In an interview Annie Baker gave for Walter Bilderback for her production of Uncle Vanya, she had said that “[she] love[s] Chekhov’s writing[…]He taught me a lot about offstage action, offstage characters, and how important it is to have dialogue that does not appear to forward the plot.” There is no doubt that Chekhov had influenced Annie Baker as he does with all playwrights who live in a post-Chekovian era. However, upon finally seeing The Flick, I am glad to say that I saw a really well done interpretation of The Cherry Orchard needed for a contemporary audience.
The plot of The Flick: a contemporary movie theater using 35mm film is being sold to an entrepreneur who wishes to revamp the projection for digital film. As with Chekov’s The Cherry Orchard, this is the action that happens offstage while being inevitable. Movies are being filmed less and less on celluloid because the process and production of the film is too expensive. Digital film, however, are much cheaper to produce and thus makes more business sense. Theaters are universally digital at this point, with a few stragglers clinging to the celluloid format. Chekov’s play illustrates the precarious and crumbling position of the Russian aristocracy and how they cannot change the modern world from crashing into their lifestyle. With this in mind, what does Baker’s The Flick do to this theme?

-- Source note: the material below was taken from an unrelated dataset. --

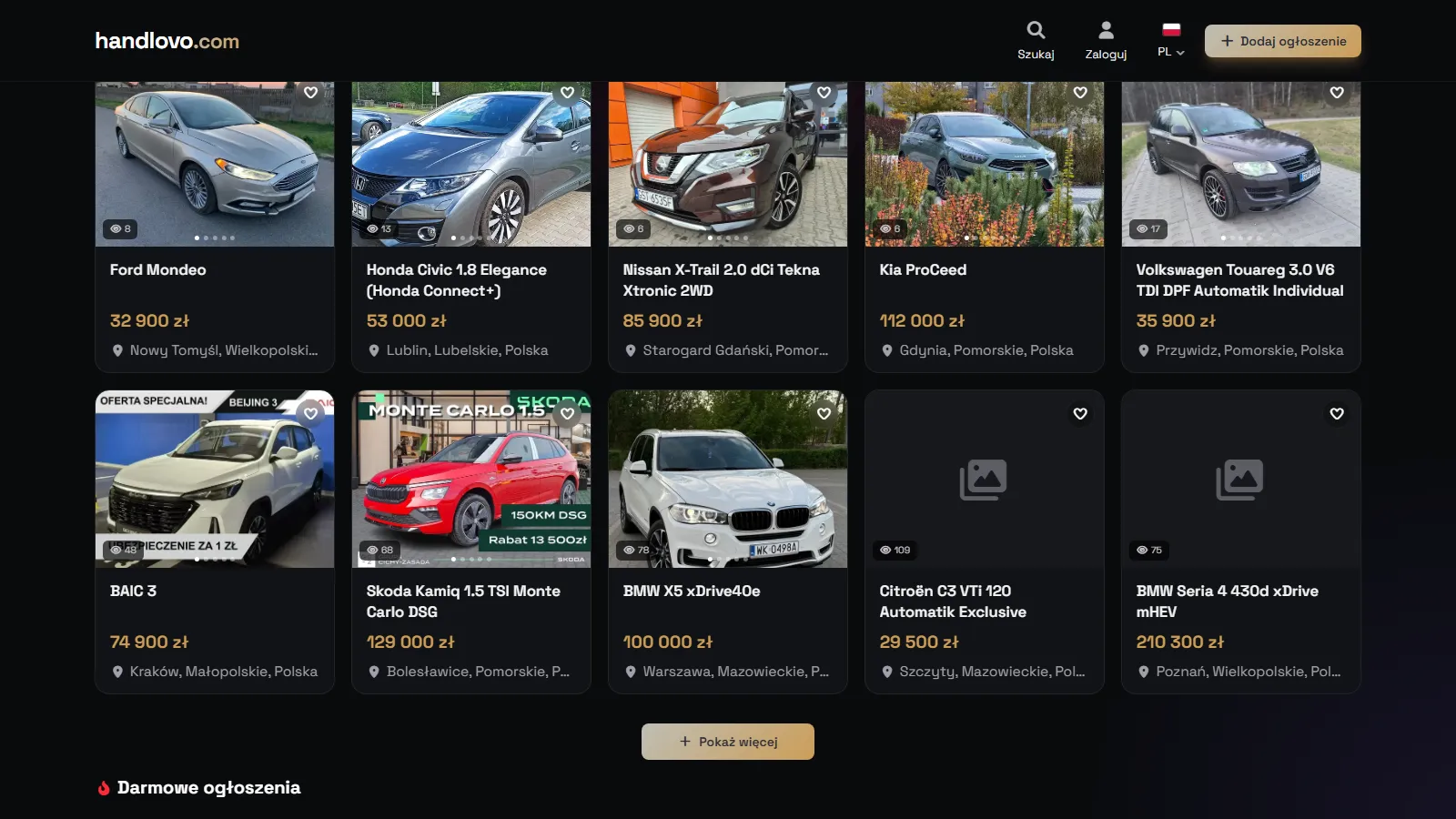 handlovo.com Marketplace classifieds Europe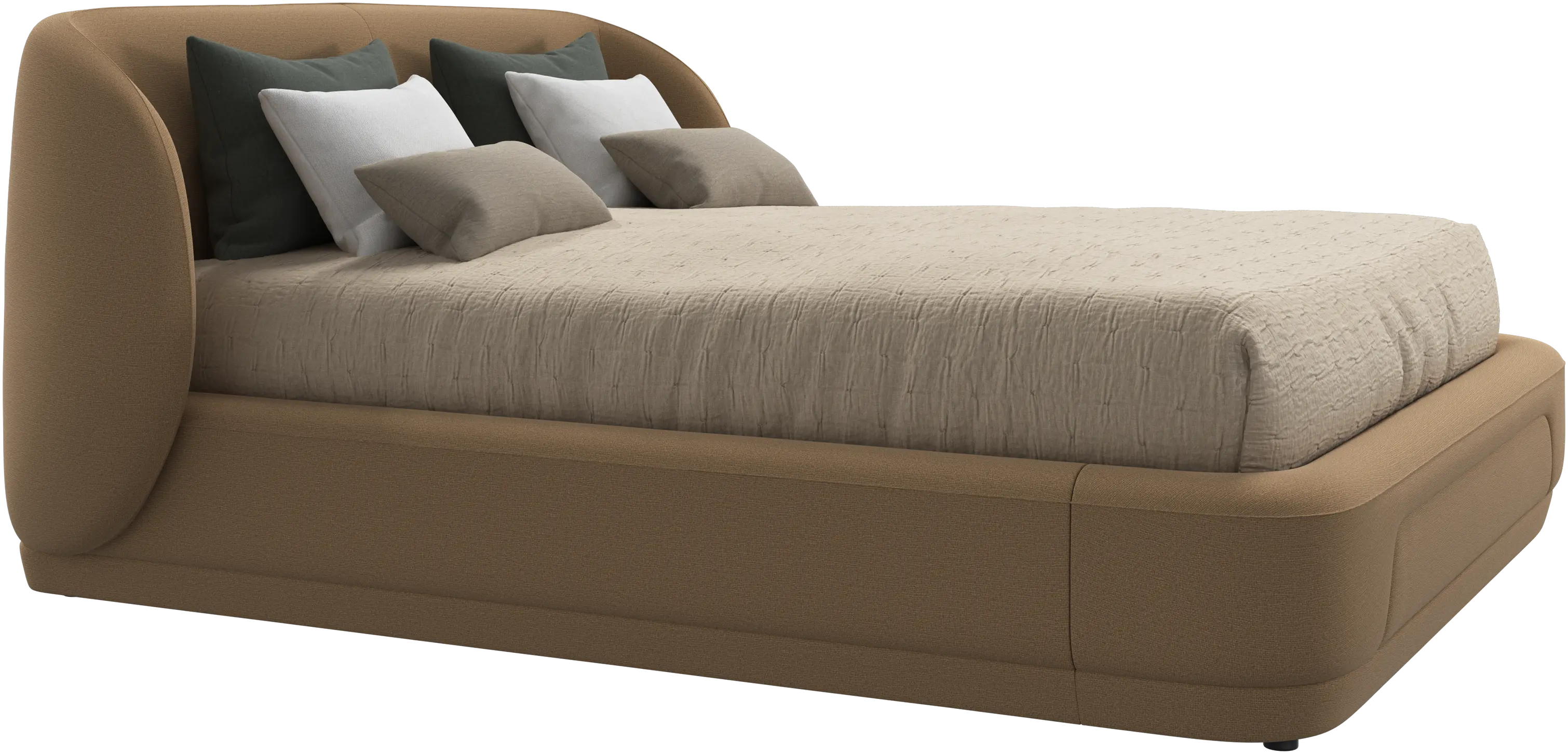 Bolzano bed with slats  - W160xL200cm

At the Company One staging of The Flick, the audience replaces the movie screen while watching the seats in a theater. Simultaneously, the theatrical audience is watching actors perform art. Art watches art watching art. The show starts with an empty stage while the film projector plays the last few minutes of a movie. Audiences seeing this show are asked to be thinking about art at the beginning of the play and engage in what art is.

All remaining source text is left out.